File name Description
master_bmi Master file: runs the algorithm
1_cleanweightdata.do Identifies weight measurements from the additional file. Removes weights before the practice is up to standard date and measurements for people who CPRD indicates are unacceptable. Removes weights less than 20kg and above 450kg. Removes duplicates and defines weight per date, for a person with multiple weights per date the mean is used if there is a difference of 5kg or less.
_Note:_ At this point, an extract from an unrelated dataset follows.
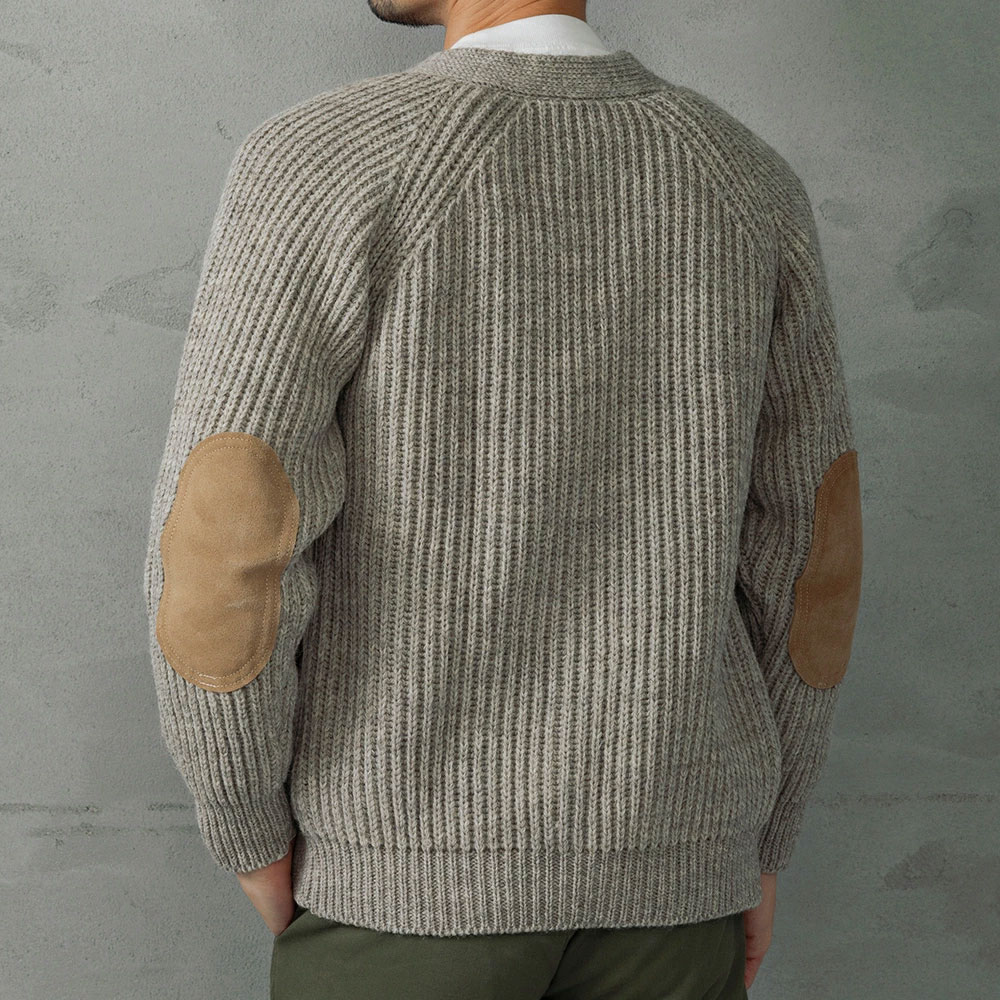 美品！英国製【ハイランド2000】ローゲージ　ショールカラーカーディガン HIGHLAND 2000（ハイランド2000） 別注限定モデル パークレインジャー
Otherwise the multiple weights are set to missing.
2_cleanheightdata.do Identifies height measurements from the additional file, removes heights before the up to standard date and measurements from people who are deemed unacceptable, removes heights less than 1.21m and above 2.14m, removes duplicates and defines heights per date, for people with multiple heights per date the mean is used if there is a difference of 0.05m or less, otherwise the multiple heights are set to missing.
3_deriveheightoutcome.do Defines median height, age at the time of BMI measurement and the degree of height and weight missingness.
4_deriveweightoutcome.do Fits a random effects model regressing weight on time, adjusting for age and gender, weights where the residual is 10 or more are judged to be outliers and are removed, the model is rerun with the new weight variable, and the same process is repeated until there are no additional outliers identified. Weights with an inter-date change of more than 5kg per day are further removed.
5_deriveBMI.do BMI is calculated using the standard formula of weight/height2. BMI is categorised using the standard World Health Organisation BMI categories. [1]

Additional notes

  • The algorithm was developed under CPRD Gold Data Specification v1.5.
  • The algorithm does not take into account follow-up dates, therefore the data will need to be trimmed to meet individual study dates after the algorithm is run.
  • The algorithm uses the standardised residuals method to remove within person outliers which was proposed by Welch et al, 2012.[2]
  • Variable labels with (c) indicate a continuous variable.

References

  1. Obesity: Preventing and managing the global epidemic. WHO Technical Report Series: World Health Organization 2000.
  2. Welch C, Petersen I, Walters K, Morris RW, Nazareth I, Kalaitzaki E, et al. Two-stage method to remove population- and individual-level outliers from longitudinal data in a primary care database. Pharmacoepidemiology and drug safety. 2012 Jul; 21(7):725-732.